WARNING: This program is under active development and this documentation might not reflect reality. Please file a GitHub issue and we will take care of it as soon as we can.
- 'build' is for building a bloom filter from a reference file. It supports large genome files (>4GB), human genome, for instance.
- 'query' is for querying a fastq/fasta file against the bloom filter.
- 'remove' is for removing contamination sequences from a fastq/fasta file.
In order to fetch the source code, compile and run tests:
$ git clone https://github.com/tzcoolman/DRASS.git && cd drass && make -j8 && make tests
Please note that python's virtualenv is needed to run the tests.
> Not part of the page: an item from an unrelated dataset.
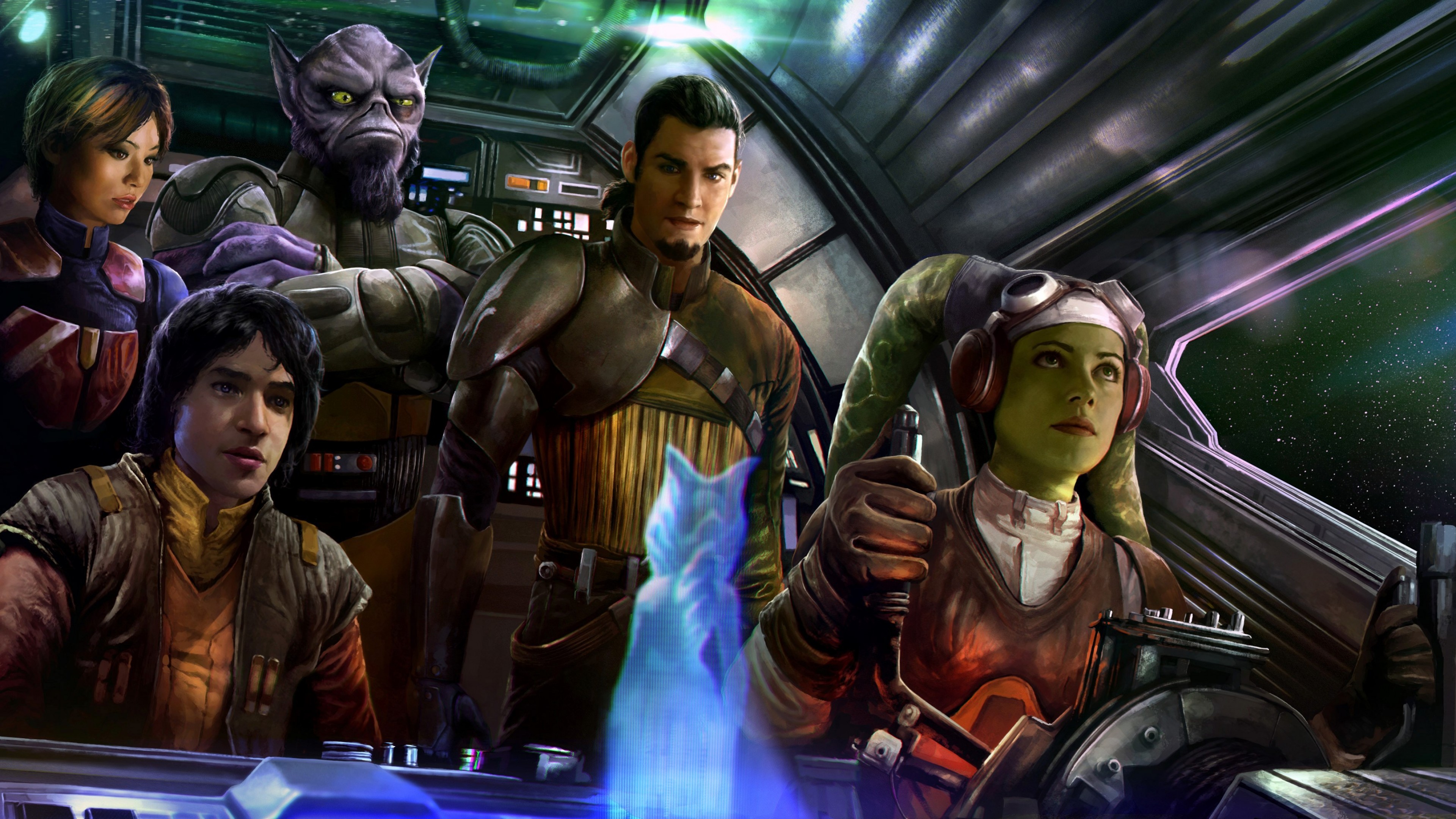 Star Wars Rebels, season 4, HD Wallpaper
Facs uses a similar commandline structure to the one found in the popular bwa. There are three main commands: build, query and remove. Each of them might have slightly different flags but should behave similarly.
$ ./facs -h
Program: facs (Sequence decontamination using bloom filters)
Version: 0.1
Contact: Enze Liu <[email protected]>
Usage: facs <command> [options]
Command: build build a bloom filter from a FASTA reference file
query query a bloom filter given a FASTQ/FASTA file
remove remove (contamination) sequences from FASTQ/FASTA file
For example, to build a bloom filter out of a FASTA reference genome, one should type:
$ ./facs build -r ecoli.fasta -o ecoli.bloom
That would generate a ecoli bloom filter that could be used to query a FASTQ file:
$ ./facs query -b ecoli.bloom -r contaminated_sample.fastq.gz
Note that both plaintext fastq files and gzip-compressed files are supported transparently to the user.
Which would return some metrics indicating how many reads might be contaminated with ecoli in that particular sample:
{
"total_read_count": 201,
"contaminated_reads": 1,
"total_hits": 90,
"contamination_rate": 0.004975,
"bloom_filename":"tests/data/bloom/U00096.2.bloom"
}
Finally, if one wants to remove those reads from the sample, one should run the following command:
$ ./facs remove -b ecoli.bloom -r contaminated_sample.fastq.gz -o discarded_reads.fastq
Where "discarded_reads.fastq" is the reads that have been filtered out from the original fastq file.
A python C-Extension provides a very simple API to build, query and remove sequences, just as described above with the plain C-based commandline.
$ python
Python 2.6.6 (r266:84292, Jun 18 2012, 09:57:52)
[GCC 4.4.6 20110731 (Red Hat 4.4.6-3)] on linux2
Type "help", "copyright", "credits" or "license" for more information.
>>> import facs
>>> facs.build("ecoli.fasta", "ecoli.bloom")
>>> facs.query("contaminated_sample.fastq.gz", "ecoli.bloom")
>>> facs.remove("contaminated_sample.fastq.gz", "ecoli.bloom")
- All three scripts can be executed on both Linux and Mac system. But they don't support large bloom filter building and loading on MAC system.
- FACS supports fasta and fastq formats. Make sure you use the correct extension name: .fna or .fasta and .fastq, respectively.